The supplier and network recently published its annual state-of-the-IoT industry report that it calls an IoT barometer. Vodafone interviewed 1,100 business executives around the world via Circle Research to try to gauge companies’ participation in IoT.
Budgets are increasing, the vendor says. Almost all companies (89 percent) say they are increasing IoT spend, with many (76 percent) believing the tech genre “will be critical to their success,” the report says.
“IoT is being used to drive business change,” according to the report. Incredibly, 37 percent of those businesses that have adopted IoT say they now run their entire business on it. Almost half (48 percent) believe their use of IoT will “support large-scale business transformation.”
Other findings include that there is now a synergy between IoT and “cloud, mobile, analytics and Enterprise Resource Planning (ERP).”
ERP is management software that enterprises use for administrative tasks, such as those related to technology and human resources.
That synergy is manifested through 90 percent of IoT “adopters” integrating IoT with cloud and so on. And that shows in the budgets. IoT spending makes up 24 percent of IT budgets, whereas cloud and hosting are close to that with 23 percent. Analytics comes in at 22 percent, and mobility is at 23 percent. All even, then.
Vodafone Group owns, operates and partners mobile networks in numerous countries, but it also has a telco and IT services arm called Vodafone Global Enterprise, which is involved in IoT. That division produced the report, which is its fourth annual.
In terms of business transformation, the main use of IoT (64 percent) appears to be automating processes, closely followed by the enabling of connected products at 59 percent.
Interestingly, in a 2015 study, Vodafone found that businesses were very aware “that [machine to machine] was about improving business processes, not about buying technology.” That’s echoed in this year’s report, where “the top performers are those that treat their IoT initiatives as business projects instead of IT purchases.”
By that, Vodafone stresses that IoT is a “business initiative” rather than a “technology.” That's easier to pitch to stakeholders, maybe.

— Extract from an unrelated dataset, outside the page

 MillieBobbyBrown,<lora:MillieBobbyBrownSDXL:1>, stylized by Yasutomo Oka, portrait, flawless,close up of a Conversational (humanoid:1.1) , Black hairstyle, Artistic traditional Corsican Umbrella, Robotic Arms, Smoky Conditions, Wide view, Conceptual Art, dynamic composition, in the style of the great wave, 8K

And it comes to that assumption in part because of data generated. "IoT is all about data,” it says.
How businesses use IoT
And the businesses interviewed for the report, who are embracing IoT, agree. Eighty-one percent of all businesses say "IoT can only deliver real value if you effectively use the data it generates.” That kind of data use can include integration with IT, such as giving workers “access to IoT data from mobile devices” and integration with ERP, among other use.

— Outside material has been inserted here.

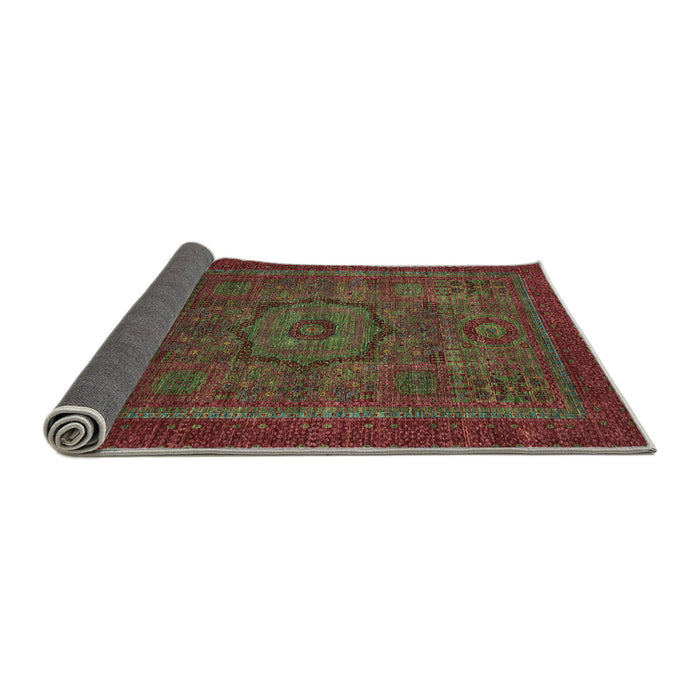 Sideview of Abstract Saffron Red Modern Rug, abs2368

Big business was “boiling” with IoT ideas, Vodafone found, quoting one European-based utility that was working on smart metering, smart security cameras instead of guards and remotely managed electric automobiles.

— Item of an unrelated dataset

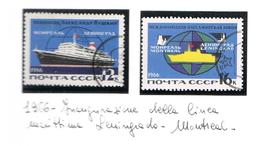 URSS - YV 3085.3086    - 1966   LENINGRAD-MONTREAL SEA SERVICE    (COMPLET SET OF 2)      -  USED  - RIF. CP - Oblitérés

Another company, Philips Lighting, “has put IoT at the heart of its strategy,” Vodafone says. It’s working on projects to “remotely monitor and control street and building lighting.”
Some other projects mentioned in the report include wind turbines, digital signage, smart parking and remote healthcare.
Vehicles, facilities, safety, supply-chain processes and connected products and services are all ripe for IoT, the study suggests.